Addison Gallery of American Art & Yale University Press

This is the second publication about the American artist Sheila Hicks to appear in the past few years. In 2007 Yale University Press also published Sheila Hicks: Weaving as Metaphor – a beautiful thick but appropriately diminutive hardback that focussed on Hicks’ miniature weavings. In this publication Hicks’ large-scale commercial commissions and gallery work are also documented. But for readers familiar with the 2007 book there will be moments when the images in this publication feel a little too familiar.

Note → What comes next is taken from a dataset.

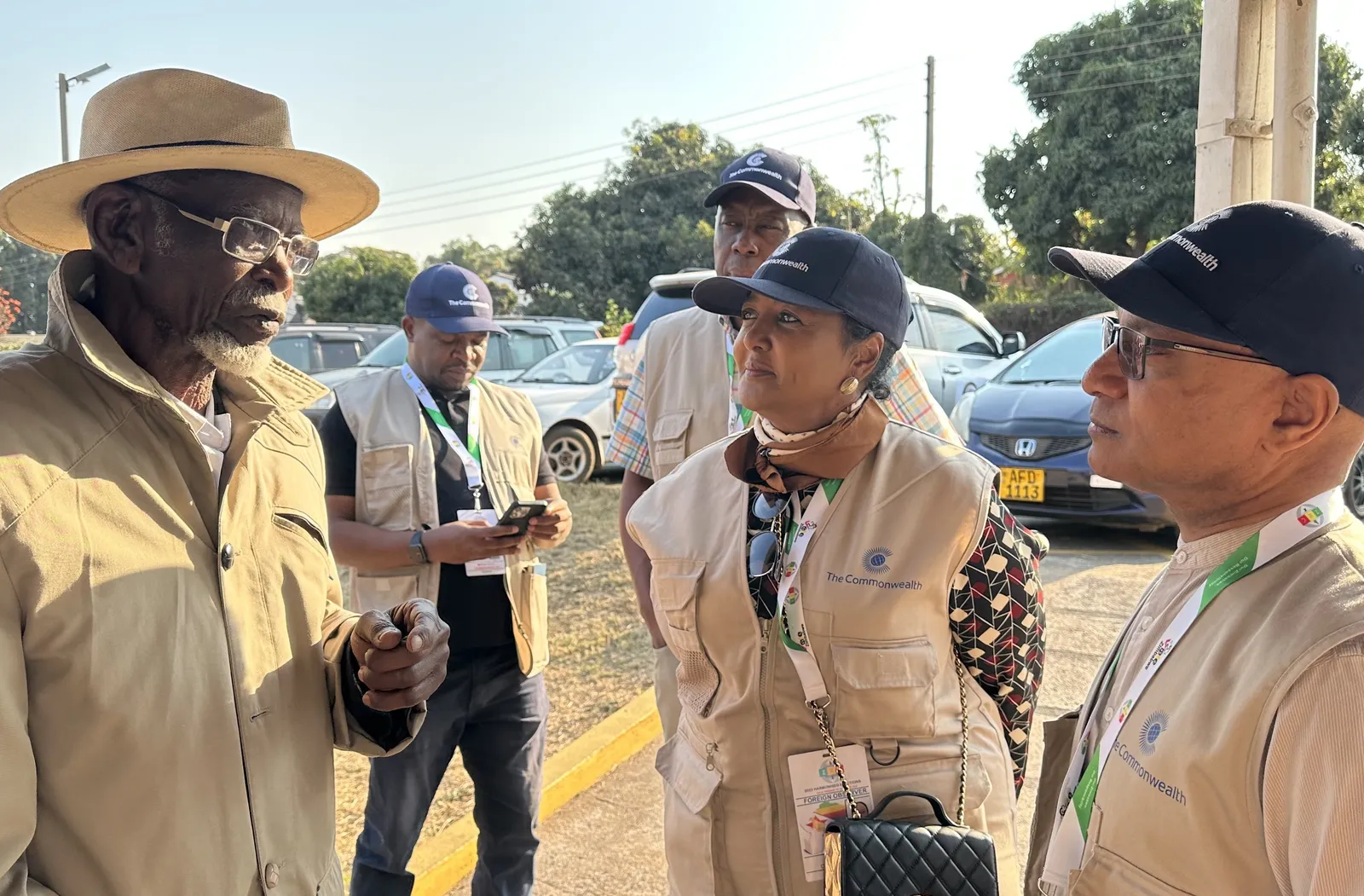 Chair of the Commonwealth Observer Group to the Zimbabwe 2023 elections, Ambassador Amina Mohamed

Essays by Susan Faxon, Joan Simon and Whitney Chadwick provide historical background with much attention given to retracing and piecing together introductions and contacts from Hicks’ early career. Connections, some coincidental others less so, that link Hicks to the Addison Museum (currently holding a retrospective on her work through February 27) are explored at length in Faxon’s “Twined Thoughts”, which adopts a certain mythologizing tone surrounding the era in which Hicks was a student at Yale University. Perhaps more interesting for readers who are not purchasing the text as a memory of the exhibition is Chadwick’s essay “Ancient Lines and Modernist Cubes”. Here Chadwick acknowledges Elissa Auther’s research of textile/fibre work in the United States during the 1970s, 1980s and 1990s and uses artists such as Eva Hesse as a point of comparison and the different ways Hesse and Hicks negotiated the worlds of textile design and textile art.

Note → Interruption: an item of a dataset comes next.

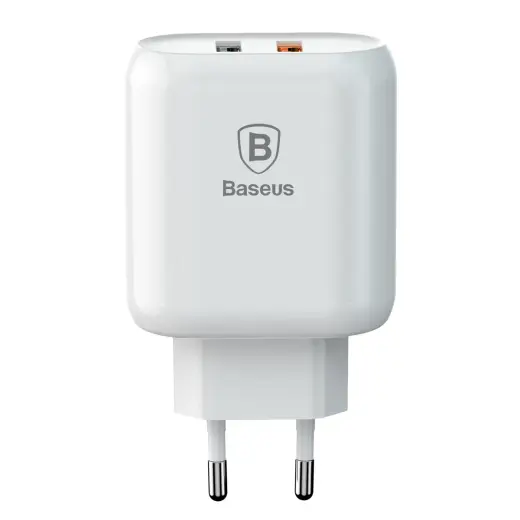 Baseus wall charger Bojure QC 3.0 2 USB white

This is a book with strengths and weaknesses in equal measure. To my eye, some of the images of the miniature weavings are printed out of focus. In contrast, the full-page photographs of more recent installations such as Les Escargots (2003-4) and Prophecy from Constantinople (2008-10) are exquisite. In “Unbiased Weaves” Simon, who also contributed an essay to Sheila Hicks: Weaving as Metaphor, incorrectly refers to Sarat Maharaj as “her”. Without being accused of making a big fuss over a little typo, it is telling that the mistake assumes the voice of textile inquiry is female in gender. Otherwise, the editing of this publication is thorough. Images are helpfully referenced with page numbers in each essay so that the reader isn’t left hunting for examples. But documentation of some of Hick’s more recent commissions, such as the project for King Saud University in Riyadh, Saudi Arabia, feels thin. Instead a comprehensive bibliography and illustrated chronology are included that will be helpful to anyone interested in further reading.